[Task statement] The entries that follow should be reproduced exactly, with no images carried over.

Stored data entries
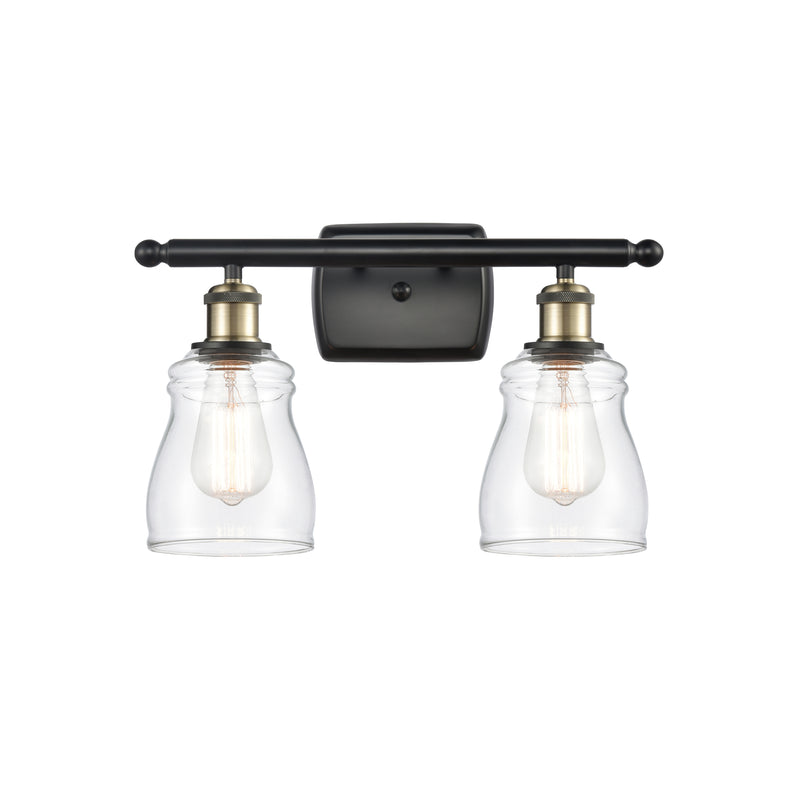Ellery Bath Vanity Light shown in the Black Antique Brass finish with a Clear shade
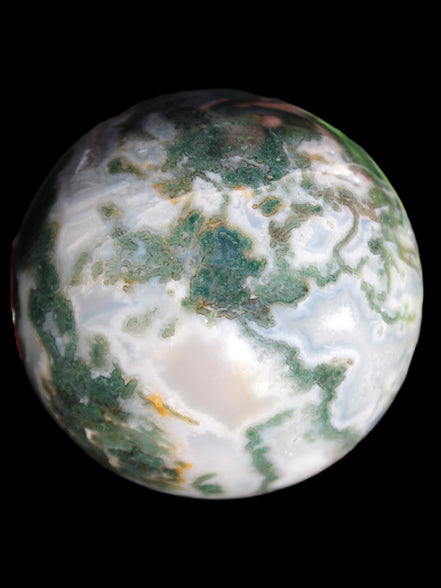 Ocean Moss Agate sphere 70mm 606g in sunlight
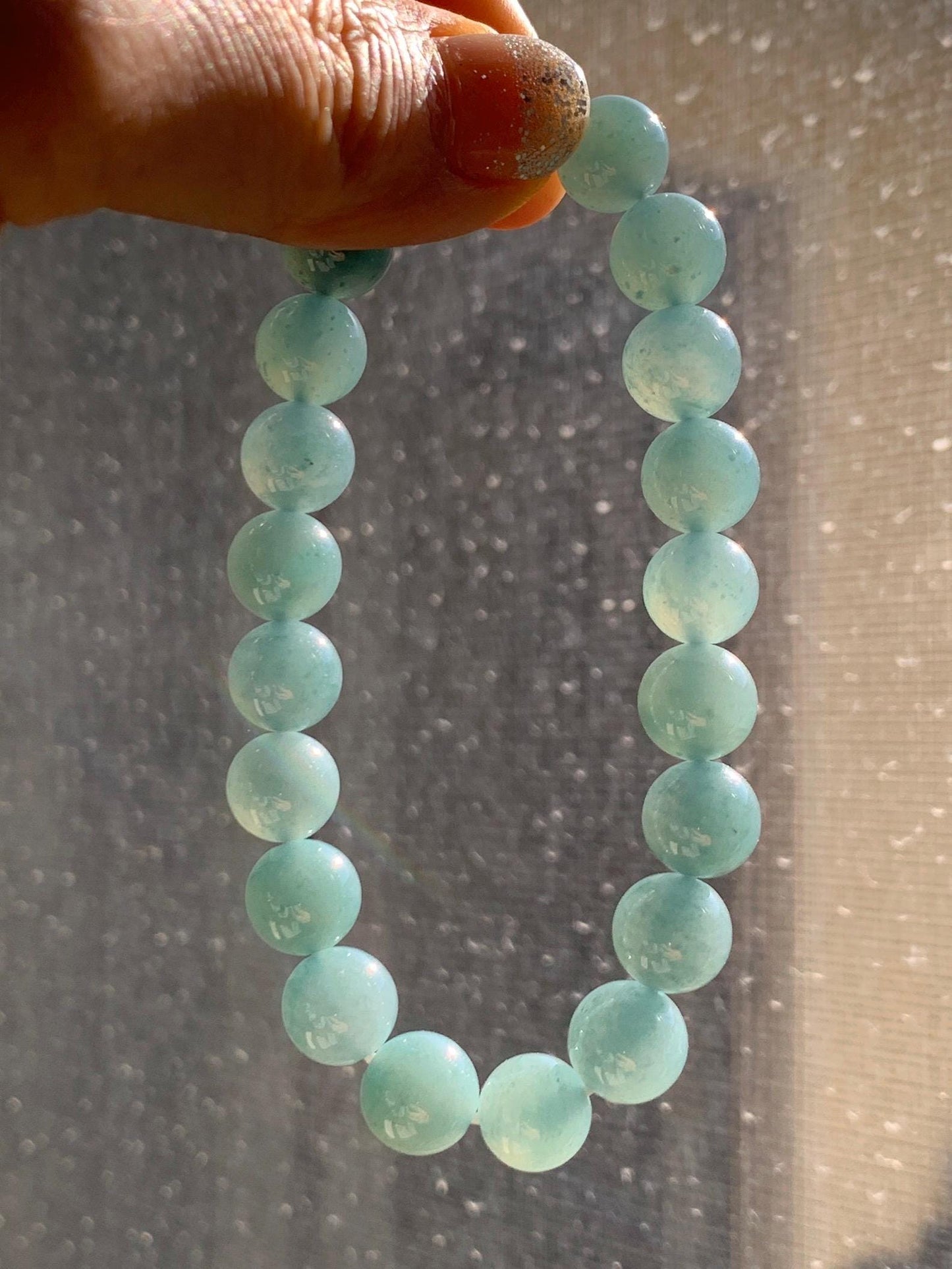Natural Grade A Guatemalan Icy Translucent Teal Jade Jadeite Beaded Bracelet Stretchy 9.9mm 7.5"-7.75” 34g 天然冰危蓝翡翠圆珠手串 WLL330B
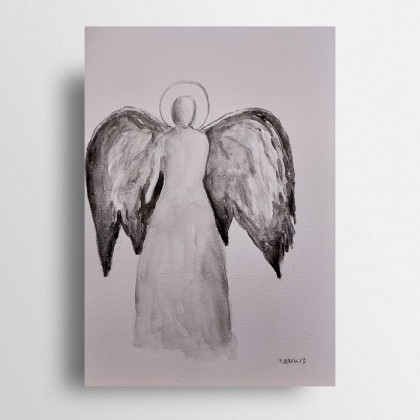Anioł -  praca wykonana tuszem, Paulina Lebida, obrazy akwarela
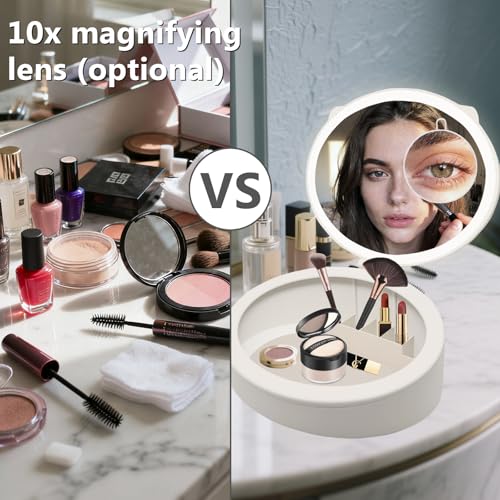 Makeup Mirror with Light, 4K high-Definition Touch Screen Travel Vanity Mirror with 3 Types of Lights, USB Charging, Detachable 3-inch 10x Magnifying Glass (White)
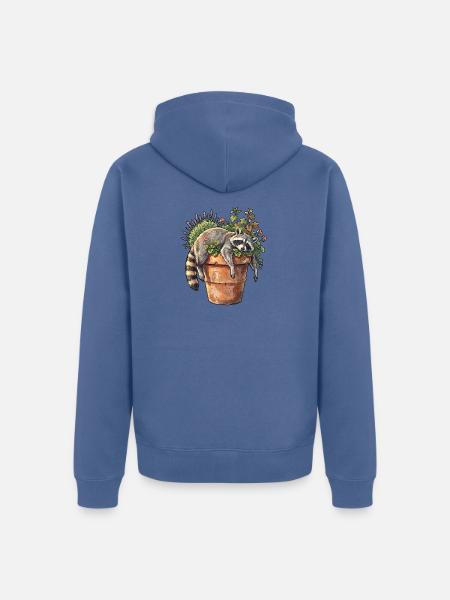Siesta Waschbär - Unisex Premium Bio Zip Hoodie - Taubenblau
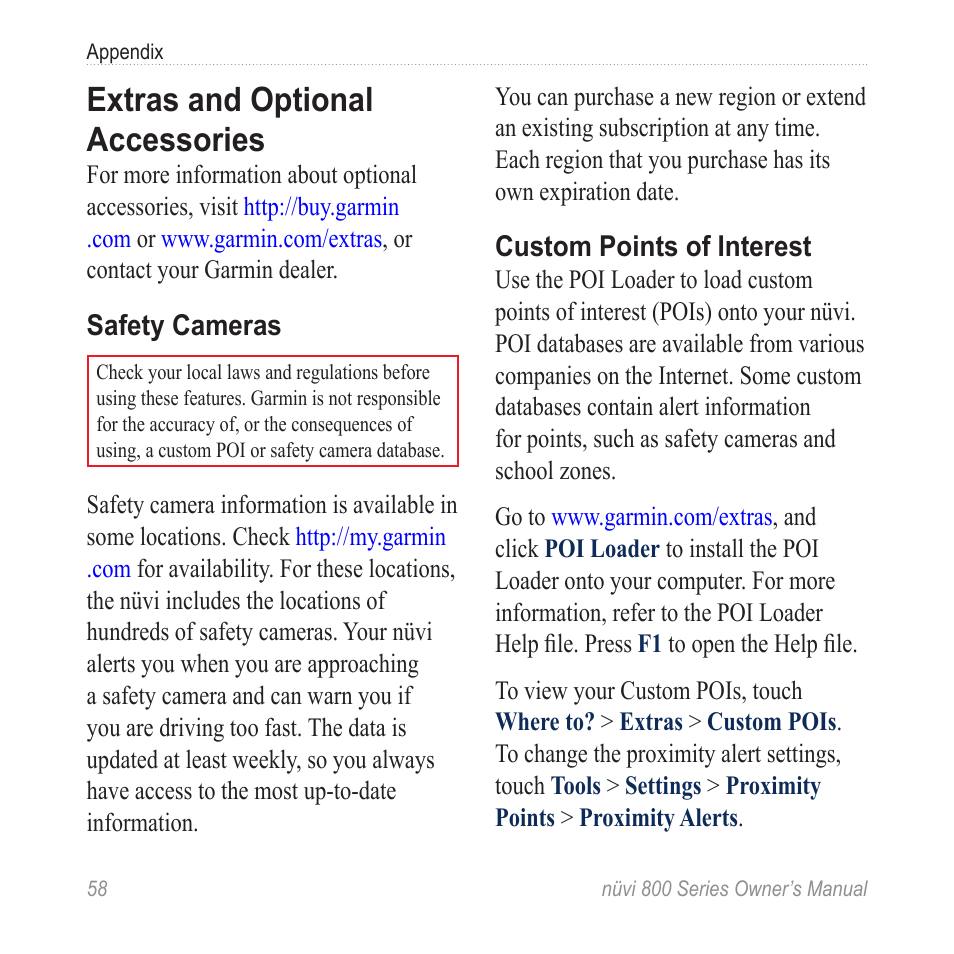 Extras and optional accessories | Garmin nuvi 800 User Manual | Page 64 / 76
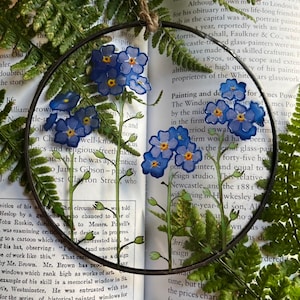 Forget Me Not Pressed Flowers Glass Decoration, Individually Hand Painted, Kiln Fired Stained Glass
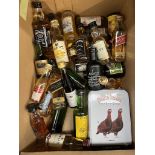A box of miniatures to include whisky, brandy, rum, etc.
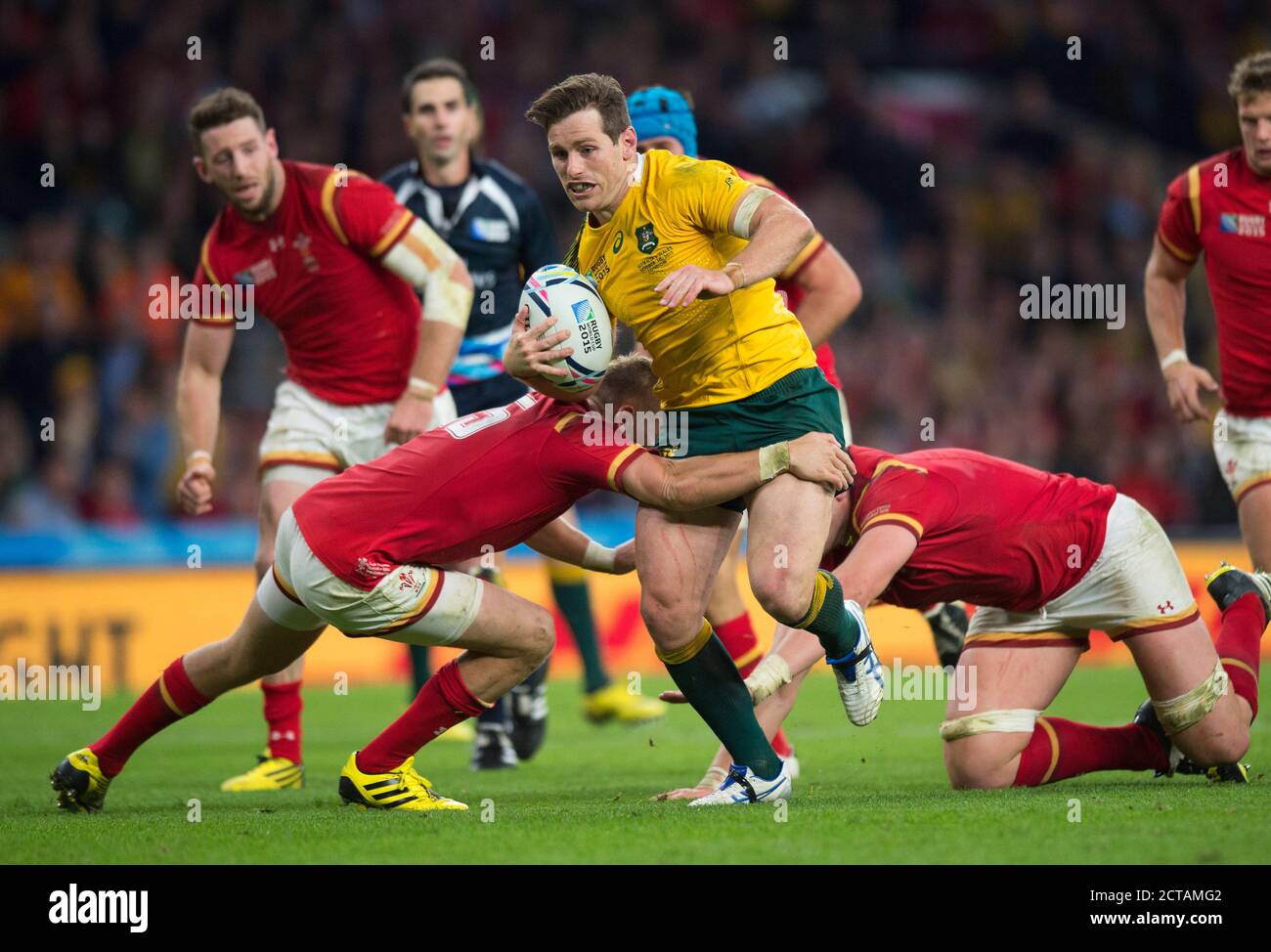 Bernard Foley charges at the Welsh defence  Australia v Wales Rugby World Cup 2015  Picture Credit : MARK PAIN / ALAMY Stock Photo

[Worked solution]
Ellery Bath Vanity Light shown in the Black Antique Brass finish with a Clear shade
 Ocean Moss Agate sphere 70mm 606g in sunlight
Natural Grade A Guatemalan Icy Translucent Teal Jade Jadeite Beaded Bracelet Stretchy 9.9mm 7.5"-7.75” 34g 天然冰危蓝翡翠圆珠手串 WLL330B
Anioł -  praca wykonana tuszem, Paulina Lebida, obrazy akwarela
 Makeup Mirror with Light, 4K high-Definition Touch Screen Travel Vanity Mirror with 3 Types of Lights, USB Charging, Detachable 3-inch 10x Magnifying Glass (White)
Siesta Waschbär - Unisex Premium Bio Zip Hoodie - Taubenblau
 Extras and optional accessories | Garmin nuvi 800 User Manual | Page 64 / 76
 Forget Me Not Pressed Flowers Glass Decoration, Individually Hand Painted, Kiln Fired Stained Glass
A box of miniatures to include whisky, brandy, rum, etc.
 Bernard Foley charges at the Welsh defence  Australia v Wales Rugby World Cup 2015  Picture Credit : MARK PAIN / ALAMY Stock Photo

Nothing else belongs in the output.